Les experts demandent un délai de 20 ans pour la prescription des dettes fiscales.

Les experts demandent un délai de 20 ans pour la prescription des dettes fiscales.

Le rapport élaboré par la Commission pour la Révision du Processus et de la Procédure Fiscale et des Garanties des Contribuables a été présenté aujourd’hui lors d’une conférence organisée par le ministère des Finances, après que le document a été remis au gouvernement en mai par le groupe d’experts.

Le groupe, présidé par l’avocat Rogério Fernandes Ferreira, propose de définir dans la Loi Générale Fiscale (LGT) un délai de prescription maximal de 20 ans, même en cas d’événements qui interrompent ou suspendent le décompte.

Dans cette proposition, la règle générale reste que les dettes fiscales se prescrivent dans un délai de huit ans, pour les impôts périodiques, à compter de la fin de l’année où s’est produit le fait générateur d’impôt.

La modification suggérée à l’exécutif concerne les situations où le délai de prescription des dettes fiscales est déjà supérieur à huit ans.

Il s’agit des dettes fiscales où le fait générateur d’impôt est lié à un paradis fiscal (territoire soumis à un régime fiscal nettement plus favorable) ou lorsqu’un compte bancaire situé dans une banque dans un autre pays de l’Union européenne ou hors de l’espace communautaire n’a pas été déclaré dans l’IRS à l’Autorité Fiscale et des Douanes (AT).

Dans ces situations, le temps pour le fisc de recouvrer l’impôt est plus long et, par conséquent, le délai de prescription aussi, allant jusqu’à 15 ans.

Dans la proposition de la commission, ce délai est maintenu. La modification suggérée concerne la prescription, proposant que « indépendamment du délai de prescription prévu et de la survenue d’événements suspensifs ou interruptifs, la dette fiscale se prescrit dès que 20 ans se sont écoulés depuis le terme initial de la prescription ».

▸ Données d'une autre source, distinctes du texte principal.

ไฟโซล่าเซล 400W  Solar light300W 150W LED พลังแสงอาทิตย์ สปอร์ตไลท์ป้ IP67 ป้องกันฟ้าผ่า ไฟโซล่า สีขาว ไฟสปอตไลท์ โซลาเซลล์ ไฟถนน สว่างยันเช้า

Lors de la présentation des principales suggestions remises au gouvernement, Rogério Fernandes Ferreira a précisé que toutes les propositions de modification législative et recommandations ont été approuvées à l’unanimité, à l’exception d’une concernant la définition d’une norme transitoire sur l’entrée en vigueur de ce nouveau régime de prescription fiscale.

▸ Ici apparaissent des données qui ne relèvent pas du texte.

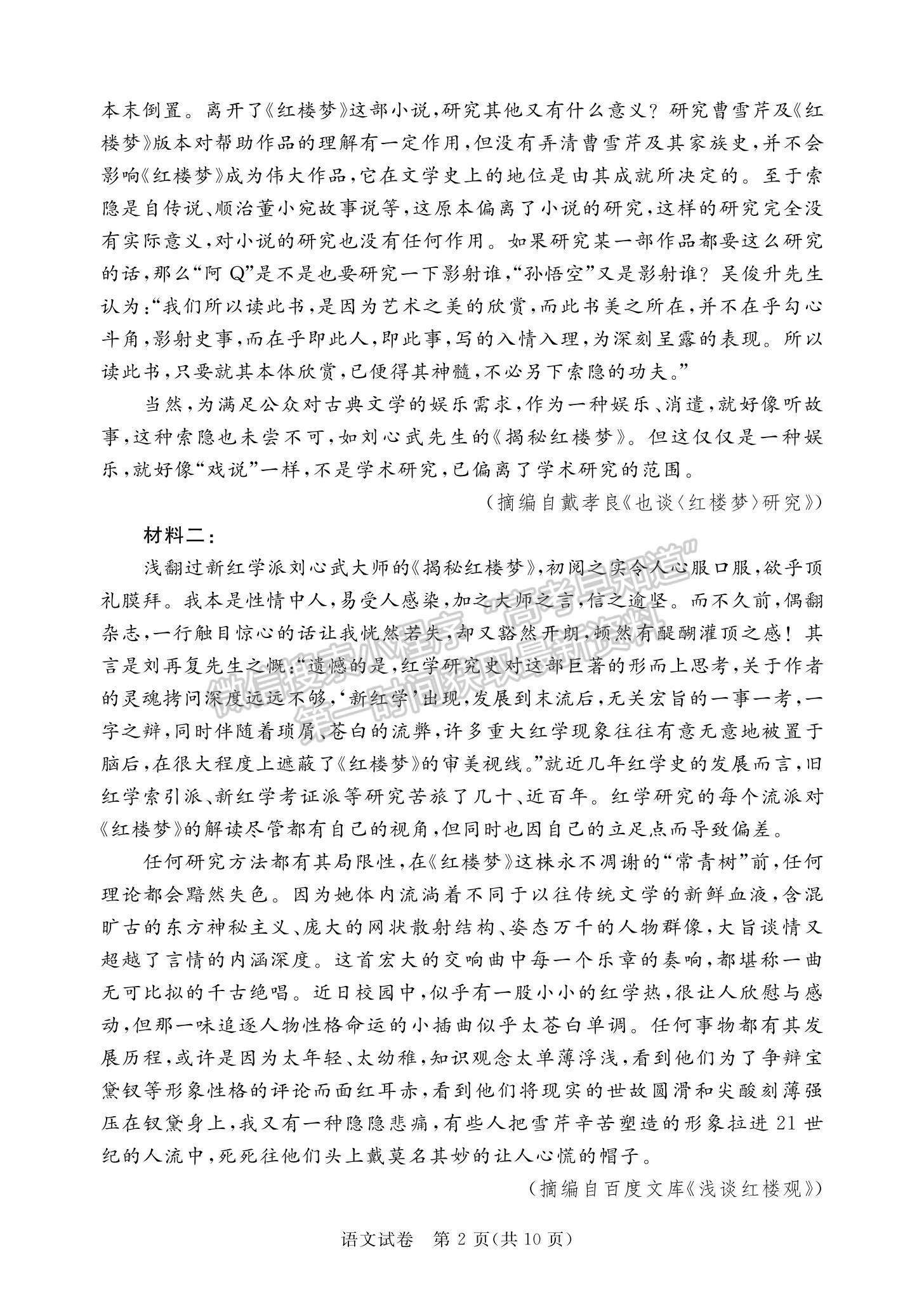 2023廣東省深圳市光明區(qū)高三上學(xué)期1月第二次模擬考試語文試題及參考答案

Le rapport indique que « certains membres plaidaient pour l’application immédiate du nouveau régime aux délais en cours à compter de la date d’entrée en vigueur de la loi, allant même jusqu’à esquisser une norme à cet effet, [mais] d’autres ont alerté sur l’incompatibilité avec la Constitution d’une prescription de cette nature, en raison de son caractère rétroactif ».

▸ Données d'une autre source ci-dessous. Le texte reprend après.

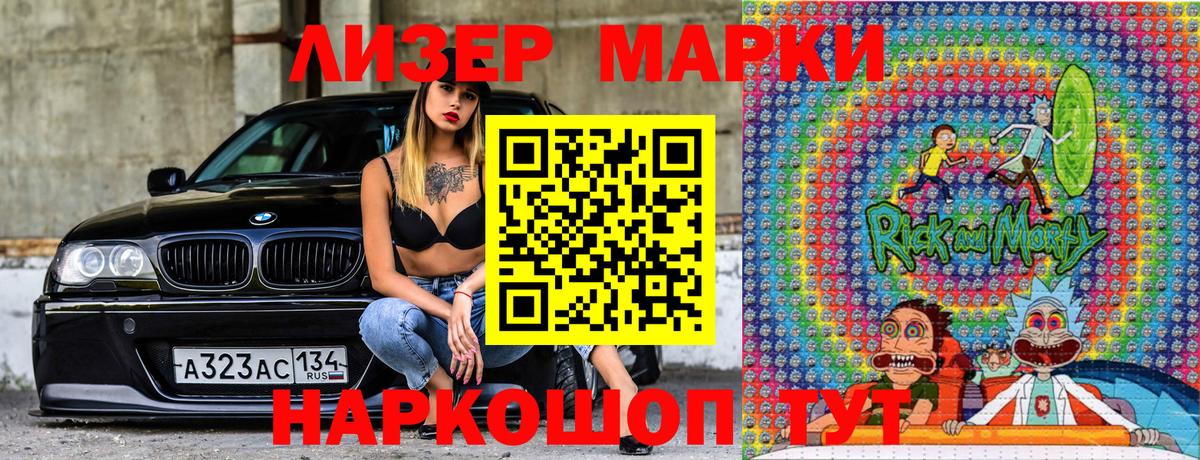 Строитель  Марки NBOMe  Вход с VPN  Марки NBOMe 1,8мг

La commission s’est penchée sur la LGT, le Code de Procédure et de Procès Fiscal, les exécutions fiscales, les frais de procédure, le Régime Juridique de l’Arbitrage Fiscal et le Régime Général des Infractions Fiscales, entre autres législations.

Une autre des mesures, rapportée aujourd’hui par le journal Negócios, consiste à pénaliser l’AT si, dans une action en justice, le fisc agit de mauvaise foi.

Il s’agit d’un ajout d’un article à la LGT, prévoyant que « l’administration fiscale et le sujet passif peuvent être condamnés à une amende et à une indemnisation pour litige de mauvaise foi, selon les termes de la loi générale », présumée comme « l’action en justice contraire à des orientations générales ou informations contraignantes préalablement fournies » aux contribuables.

Rogério Fernandes Ferreira a déclaré que le groupe de travail a jugé ne pas promouvoir de modifications structurelles à la législation, car le modèle « a fait ses preuves [fonctionne] bien », préférant suggérer des ajustements « ponctuels et circonstanciels », définissant des règles plus facilement compréhensibles par les contribuables.

Lors de la conférence, avant la présentation de ces conclusions, le ministre des Finances, Joaquim Miranda Sarmento, a mis l’accent sur la nécessité de changements protégeant les contribuables et réduisant les différends.

« Nous voulons un système qui protège les droits des contribuables, la confiance des institutions, qui assure une résolution rapide et juste des litiges fiscaux », a déclaré Miranda Sarmento.